23 September 2020
The challenge of predicting life’s paths
Published online 3 April 2020
A mass collaboration of international researchers demonstrates the pitfalls of using machine learning to predict the lives that individuals may lead.
The ability to predict an individual’s life course from an early age and thus identify families who may need support is an appealing concept for social scientists and policymakers. However, a large-scale study has suggested there will always be practical limits to how accurately life trajectories can be predicted.

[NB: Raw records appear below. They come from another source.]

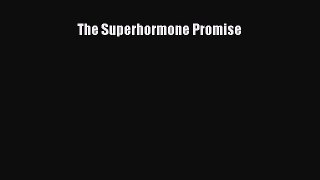 Read The Superhormone Promise Ebook Free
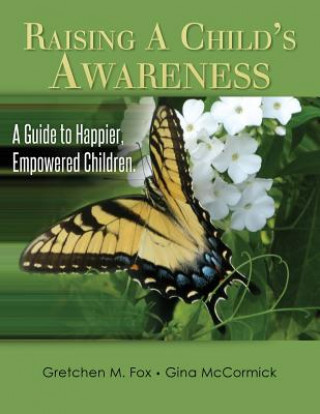 Kniha Raising A Child's Awareness: A Guide to Happier, Empowered Children Gretchen M Fox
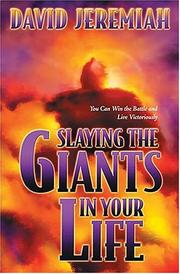 Cover of: Slaying the Giants in Your Life | David Jeremiah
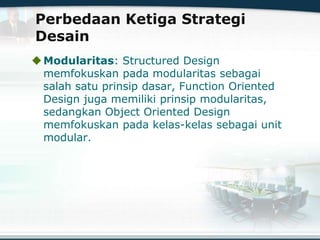 Perbedaan Ketiga Strategi
Desain
Modularitas: Structured Design
memfokuskan pada modularitas sebagai
salah satu prinsip dasar, Function Oriented
Design juga memiliki prinsip modularitas,
sedangkan Object Oriented Design
memfokuskan pada kelas-kelas sebagai unit
modular.
 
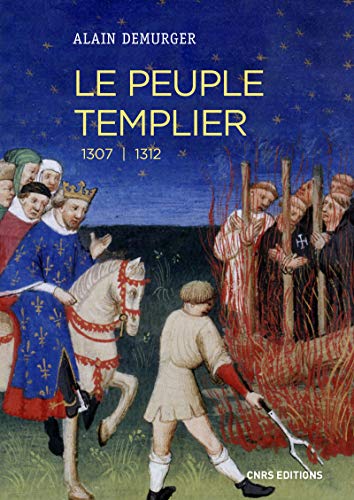 Le peuple templier - 1307-1312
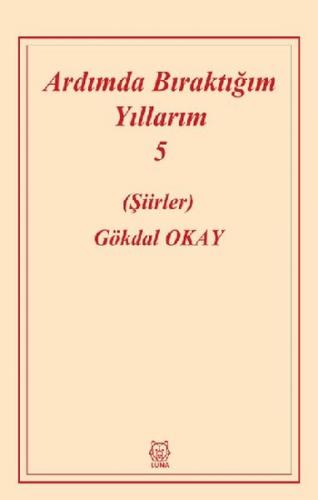 Ardımda Bıraktığım Yıllarım 5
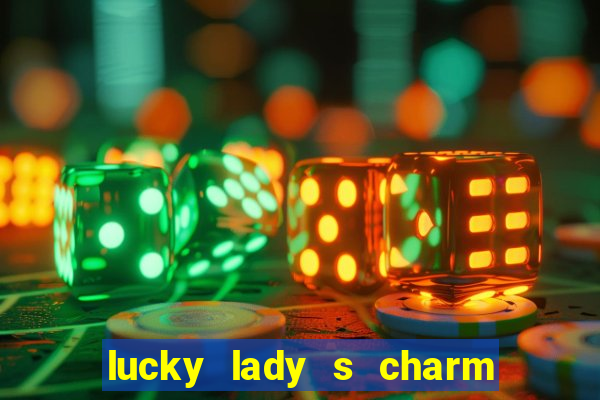 lucky lady s charm deluxe 10 slot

To explore the viability of models used to predict life trajectories, Matthew Salganik and Sara McLanahan at Princeton University, USA and co-workers used a research design known as the common task method. They gave 160 international research teams the same task: to develop and run models for predicting what will happen to a large group of young people and their families by the time they turn 15, such as school performance or parental unemployment.

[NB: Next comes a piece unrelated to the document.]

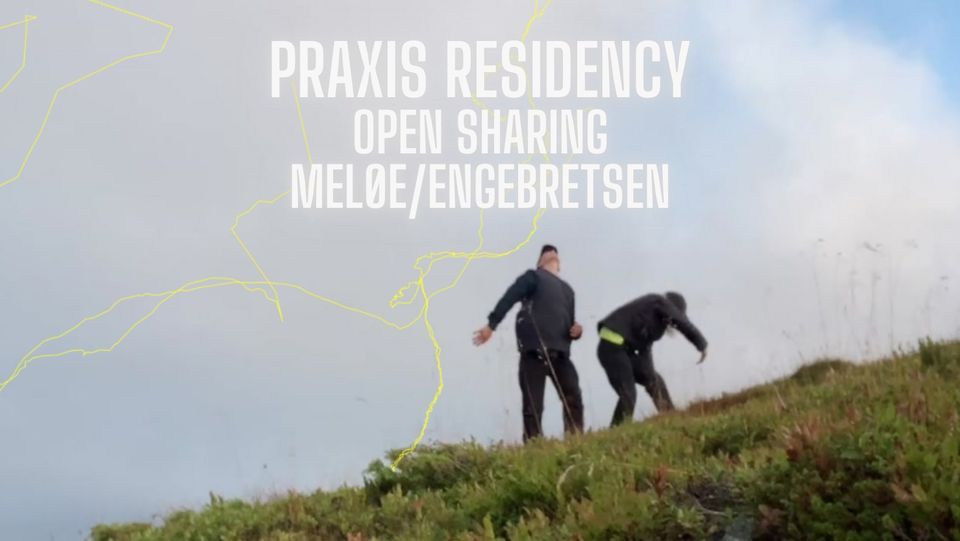 PRAXIS Residency Open Sharing: with Mel\u00f8e\/Engebretsen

The teams were given the actual outcomes of half the group to train their models and had to predict the outcomes for the other half. All data came from the longitudinal Fragile Families and Wellbeing Study, which followed children from 4,242 American families throughout their first 15 years.
The results, which included outputs from models built by researchers in Saudi Arabia and the UAE, suggest that even the most sophisticated models cannot replicate the wide variability in such a rich and complex dataset.
“Even with these data and complex machine learning, researchers were unable to make accurate predictions of life outcomes,” says Salganik. “In practice, policymakers should not assume that complex models will automatically produce accurate predictions about an individual’s future.”
Salganik hopes that the study will inspire other mass collaborations using longitudinal survey data in social science.
Salganik, M.J. et al. Measuring the predictability of life outcomes with a scientific mass collaboration. PNAS http://dx.doi.org/10.1073/pnas.1915006117 (2020).